About this exercise: Count how many lines in this material contain "Slip". The answer is that number alone.
────
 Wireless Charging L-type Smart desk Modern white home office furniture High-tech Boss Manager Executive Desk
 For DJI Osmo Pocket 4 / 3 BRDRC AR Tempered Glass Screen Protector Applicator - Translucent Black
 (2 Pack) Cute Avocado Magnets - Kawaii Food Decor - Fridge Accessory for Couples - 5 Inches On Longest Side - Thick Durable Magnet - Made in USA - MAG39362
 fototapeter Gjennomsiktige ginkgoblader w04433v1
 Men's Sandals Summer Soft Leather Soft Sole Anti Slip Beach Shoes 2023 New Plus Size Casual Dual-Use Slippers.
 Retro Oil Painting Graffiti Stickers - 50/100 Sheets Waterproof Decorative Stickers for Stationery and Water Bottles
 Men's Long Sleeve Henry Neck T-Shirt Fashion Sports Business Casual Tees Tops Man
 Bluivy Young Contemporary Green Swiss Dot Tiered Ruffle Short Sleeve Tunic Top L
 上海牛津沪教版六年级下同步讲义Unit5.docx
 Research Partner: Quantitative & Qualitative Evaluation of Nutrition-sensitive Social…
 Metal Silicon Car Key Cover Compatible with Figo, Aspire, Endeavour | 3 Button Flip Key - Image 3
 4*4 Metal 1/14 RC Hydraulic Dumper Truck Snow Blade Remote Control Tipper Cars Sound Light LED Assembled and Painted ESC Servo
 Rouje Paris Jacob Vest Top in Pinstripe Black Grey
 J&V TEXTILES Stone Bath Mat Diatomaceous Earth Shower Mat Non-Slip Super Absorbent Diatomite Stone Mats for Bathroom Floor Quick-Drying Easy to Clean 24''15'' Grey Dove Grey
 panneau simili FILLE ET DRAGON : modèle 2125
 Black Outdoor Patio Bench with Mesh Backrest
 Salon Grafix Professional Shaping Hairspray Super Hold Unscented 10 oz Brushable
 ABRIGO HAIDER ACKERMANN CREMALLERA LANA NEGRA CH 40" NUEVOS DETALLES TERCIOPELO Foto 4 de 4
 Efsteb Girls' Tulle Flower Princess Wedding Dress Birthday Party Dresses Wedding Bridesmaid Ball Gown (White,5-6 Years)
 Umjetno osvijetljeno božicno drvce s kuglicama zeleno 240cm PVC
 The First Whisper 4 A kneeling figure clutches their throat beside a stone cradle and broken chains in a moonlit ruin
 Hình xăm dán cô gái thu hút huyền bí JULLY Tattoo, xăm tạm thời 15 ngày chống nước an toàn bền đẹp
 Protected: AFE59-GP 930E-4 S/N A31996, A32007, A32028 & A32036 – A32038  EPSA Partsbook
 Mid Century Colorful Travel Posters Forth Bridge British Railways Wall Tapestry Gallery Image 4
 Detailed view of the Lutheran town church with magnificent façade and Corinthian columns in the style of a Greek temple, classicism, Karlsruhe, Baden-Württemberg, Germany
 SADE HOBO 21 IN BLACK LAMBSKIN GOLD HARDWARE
────
Result of this exercise: 2